# Numpy: Numeric python

**Python objects**

- high-level number objects: integers, floating point
- containers: lists (costless insertion and append), dictionaries (fast lookup)

**Numpy provides**

- extension package to Python for multi-dimensional arrays
- closer to hardware (efficiency)
- designed for scientific computation (convenience)

In [None]:
import numpy as np

## creating Numpy arrays

the most basic way to create numpy array is from list

- list of numbers &rarr; 1D array
- list of list of numbers &rarr; 2D array
- ...

one dimensional array

In [None]:
l = [1,2,3,4,5]
a = np.array(l)
a

two dimensional array

In [None]:
l = [[1,2,3],
     [4,5,6],
     [7,8,9]]
a = np.array(l)
a

we see that a 2 dimensional array is created from **a list of list**, so we can easily extend the definition of a 2 dimensional array is **an array of a 1 dimensional arrays**, ex:

In [None]:
a[0]

is the first row of a (remember that slicing index starts from 0 like IDL). we can access a specific element by 

In [None]:
a[0,0]

and slicing a sub-array by `[start : stop+1 : step]`

In [None]:
a[0:-1,0:-1]

like string and list, `[:]` gives all the elements in this dimension, for example in 2D

In [None]:
a[:,:]

![array slicing](./images/array_slicing.png)
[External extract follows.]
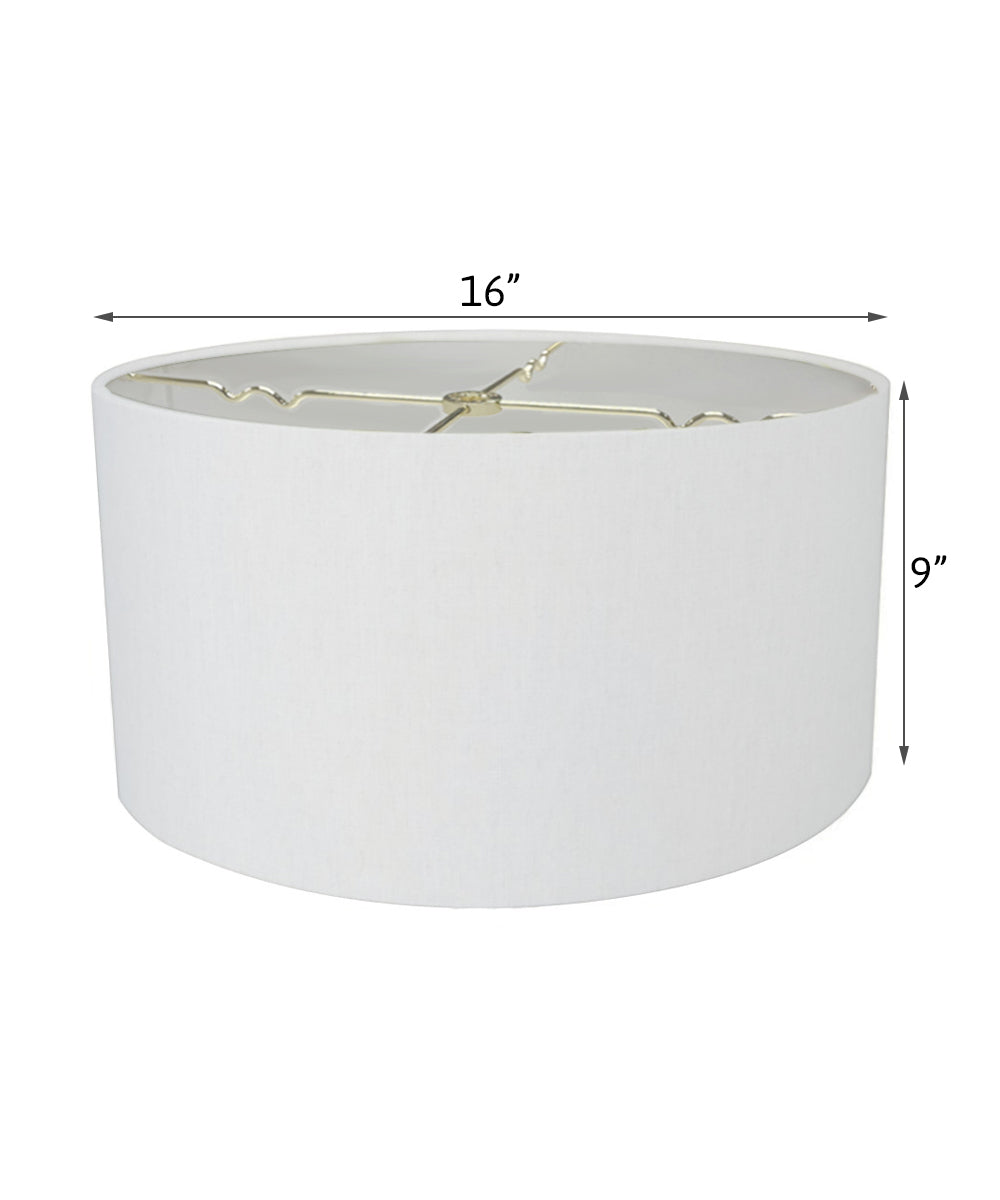 Fabric Lamp Shade, 16"W x 9"H White Linen Hardback Shallow Drum for Lamp Replacement, Reading Corners and Living Spaces image 3
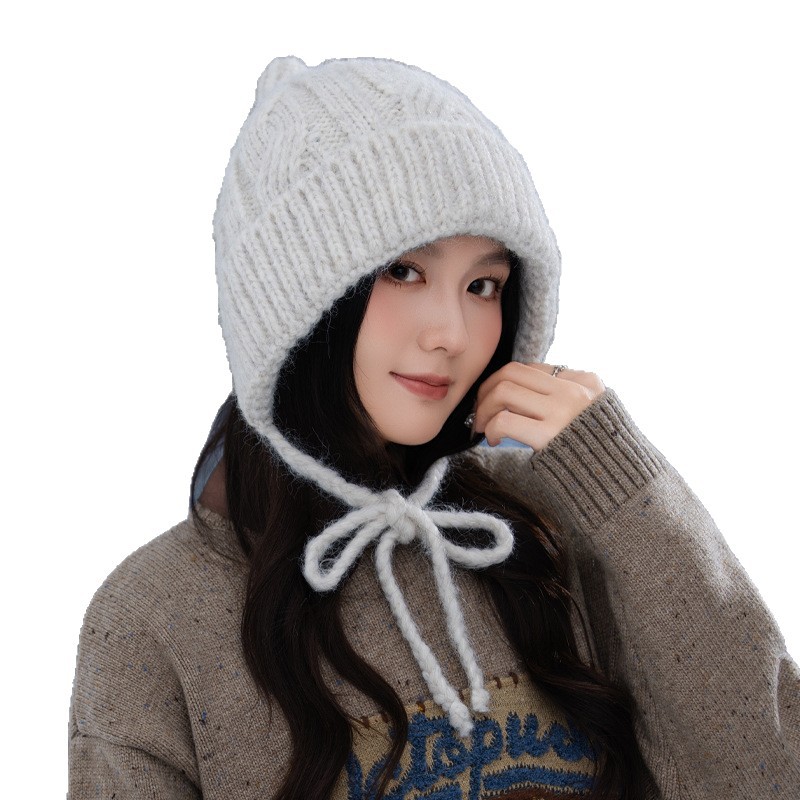 Korean Version Versatile Bear Patch Strap Knitted Autumn Winter Fashion Retro Pullover Outdoor Casual Warm Hat New_voghion.com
as you see above, since a 2D array is simply an array of 1D arrays, from memory's point of view, 2D arrays should be stored row by row. so when you are looping over a high dimensional array, you should start from outer dimensional

In [None]:
n = 250
temp = np.random.randn(n,n,n)

In [None]:
%%timeit
for i in range(n):
    for j in range(n):
        for k in range(n):
            temp[i,j,k] = 2*temp[i,j,k]

In [None]:
temp = np.random.randn(n,n,n)

In [None]:
%%timeit
for i in range(n):
    for j in range(n):
        for k in range(n):
            temp[k,j,i] = 2*temp[k,j,i]

but as you know, the most efficient way is do it by **elementwise** (vectorized operation)

In [None]:
temp = np.random.randn(n,n,n)

In [None]:
%%timeit 
temp[:,:,:] = 2*temp[:,:,:]

numpy provides us many functions to create arrays efficiently

In [None]:
# given interval
np.arange(0, 10, 2)

In [None]:
# given data point
np.linspace(-1, 1, 51)

In [None]:
# all set to one
np.ones(10)

In [None]:
# all to zero
np.zeros(10)

and many many ...

a numpy array has many attribute. the attribute of an numpy array is just like the hair color, height, weight, etc of a human being, for example:

In [None]:
l = [[1,2,3],
     [4,5,6]]
a = np.array(l)
a

In [None]:
# its data type is
a.dtype

In [None]:
# how many byte it takes in memory
a.nbytes

In [None]:
# 2 dimensional array
a.ndim

In [None]:
# 2 rows x 3 columns
a.shape

and a numpy array also has many many methods(like functions, so `()` is needed), which means **do something with this array**, for example

In [None]:
# max, min, mean, std
a.max(), a.min(), a.mean(), a.std()

In [None]:
# find index of max element
a.argmax()

In [None]:
# cumulated sumation, cumulated product
a.cumsum(), a.cumprod()

In [None]:
# change its data type
a.astype(np.float32)

In [None]:
# find the diagonal elements (pivots)
a.diagonal()

Ok, we now know a numpy array has a attribute called shape, and to make an array with different shape is just to `.reshape()` it. 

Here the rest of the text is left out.